What you return must match the listing below line for line, minus its pictures.
Start of Exercise data
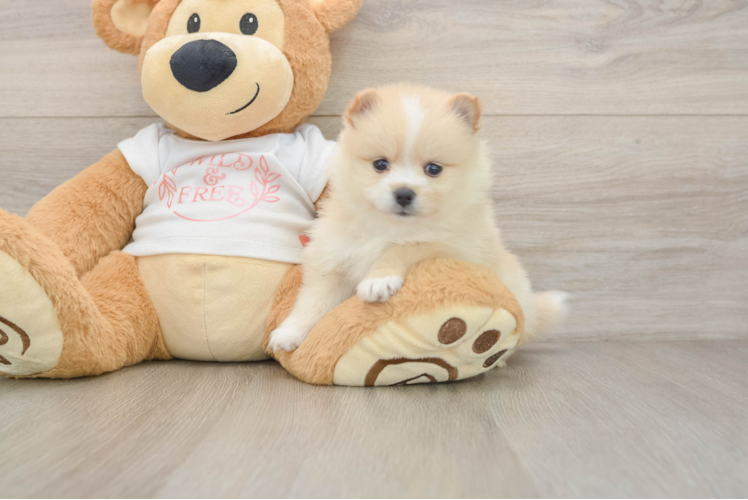 Pomeranian Puppy for Adoption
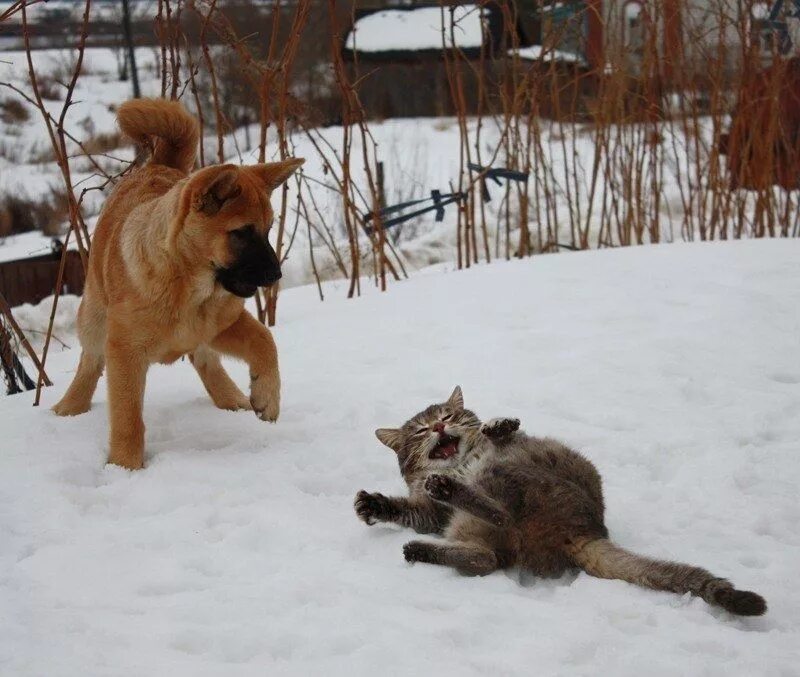 Пришли друзья опять друзья пришли. Зима кот и пёс. Кот и собака. Собака тащит кота.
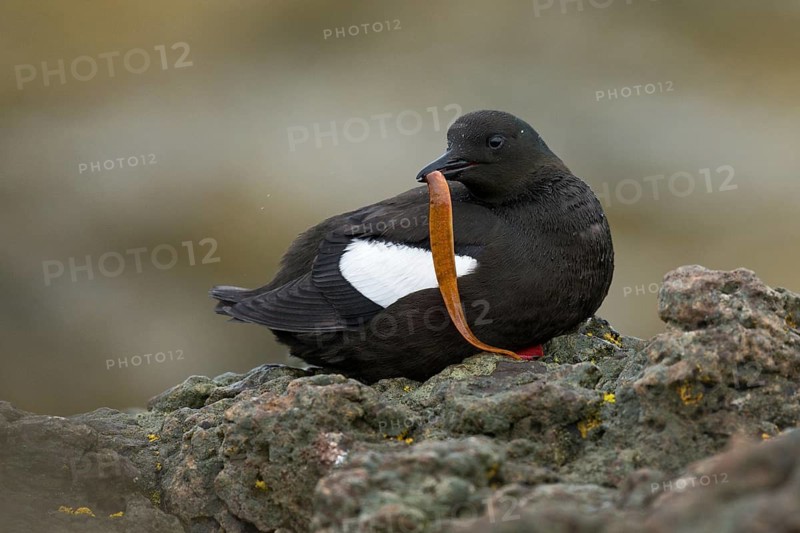 Black Guillemot (Cepphus grylle) perched on a rock, Iceland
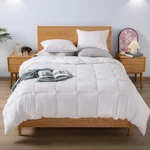 Kasentex Winter Warmth Quilted Comforter Set Queen With 2 Pillow Shams, White. Fixed Price $89.95.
End of Exercise data
* [Finished task]
 Pomeranian Puppy for Adoption
 Пришли друзья опять друзья пришли. Зима кот и пёс. Кот и собака. Собака тащит кота.
 Black Guillemot (Cepphus grylle) perched on a rock, Iceland
 Kasentex Winter Warmth Quilted Comforter Set Queen With 2 Pillow Shams, White. Fixed Price $89.95.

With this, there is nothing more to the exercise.